The recent meeting TILC09 in Tsukuba, with a large participation of CERN experts, was a good opportunity to measure the growing collaboration between the Compact Linear Collider Study (CLIC) and the ILC. Here I will only describe the detector aspects which are part of the Memorandum of Understanding (MOU) agreement signed between ILC and CLIC (see Barry Barish's corner in November 2008). This agreement results from the evident common interests of the two communities in machine and detector studies and the need to avoid potentially detrimental competition. In the past, physics arguments in favour of extending the centre of mass energy of the worldwide linear collider beyond 1 TeV were based on speculations. With the imminent start of LHC, not forgetting the present essential results from the Tevatron, we all agree that the choice can soon be based on solid observations.

Parametric model for the magnet coil and yoke (from Alain Hervé). This concept is common to CMS, ILD, SiD and CLIC.

In practice the MOU on detectors has operated very well both at the level of the groups preparing the Letters of Intent (LOIs) and of the so-called 'horizontal' collaborations on R&D with multiple participations of the CLIC team in several workshops (see for example the slides of Konrad Elsener at the last SiD meeting in March). This has naturally helped CLIC to start its efforts in view of a Conceptual Design Report (CDR) given the many developments accomplished by the large community working within the ILC detectors, in particular for what concerns the software tools – (see for instance the portal lcsim.org). Several of these codes are presently installed at CERN. Also the unique expertise at CERN in building and operating very large LHC detectors is already beneficial to the concepts presently entering a more technical phase for elaborating a realistic mechanical integration. These fruitful interactions have led to further formal agreements. It is notable, for example, that CERN physicists have signed the three LOIs of the ILC detector concepts and are joining the CALICE collaboration (Calorimeter for the Linear Collider Experiment).

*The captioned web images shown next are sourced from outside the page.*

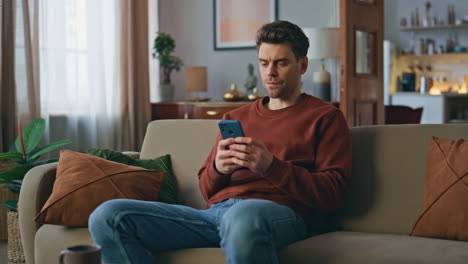 frowning man looking mobile phone screen on cozy couch. serious guy messaging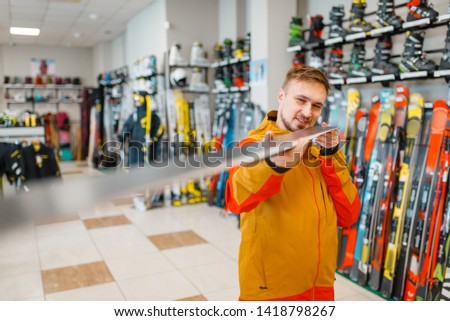 Man at the showcase checks the surface of the ski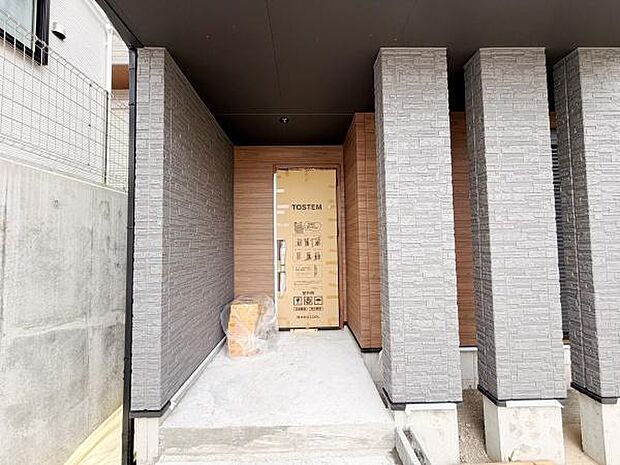 シックな色合いの外壁が印象的な玄関です。直線的なデザインがすっきりとした外観を演出します。雨除けに配慮された屋根付きのアプローチになっています。広めのスペースでゆとりを感じられます。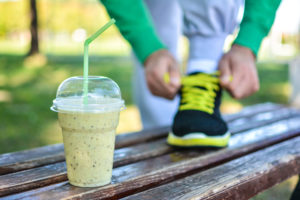 Detox smoothie drink and running footwear close up. Man athlete tying sport shoes.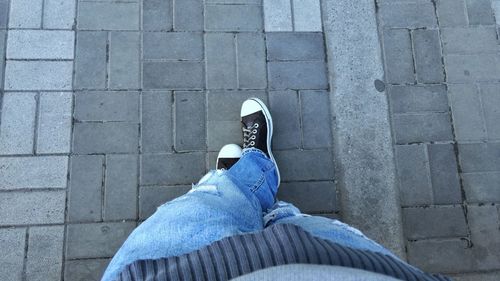 Low section of man standing on floor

How come that CLIC and ILC can share the same concepts? In a few words one can say that ILC detectors are pushing very hard on calorimetry performances and are using the most advanced capability to construct large superconducting solenoids. Indeed there seems to be a general consensus between CLIC and ILC to envisage a CMS type superconducting solenoid (see figure) containing both electromagnetic and hadronic calorimeters. This choice is essential since it basically drives the cost of these detectors. Also, as was indicated by an early study, the 'particle flow' philosophy developed within ILD and SiD detector concepts can reconstruct precisely particle jets up to 500 GeV which is adequate to cope with physics analysis up to 3 TeV. The DREAM calorimetry philosophy developed in the 4th concept offers a complementary approach which may even go beyond this limit.

More challenging seems the time structure constraints of CLIC with a bunch every half a nanosecond, and the incoherent pairs which increase by an order of magnitude at 3 TeV (see the talk given at TILC09 by Wolf-Dieter Schlatter). Is it possible to resolve or at least to 'time stamp' the information of a bunch train in the tracker devices? The advanced R&D needed on these issues can also benefit ILC detectors where the level of occupancy at low radius and in the forward region will already improve with bunch stamping.

What are the next steps for these efforts? Exchanges will go on – the next meeting of the CLIC-ILC Executive Committee is on 12 June at CERN. Of course most importantly we all await a successful start of LHC, which will allow us to activate the political process for a linear collider and give us by 2012 the necessary clues to define the overall strategy.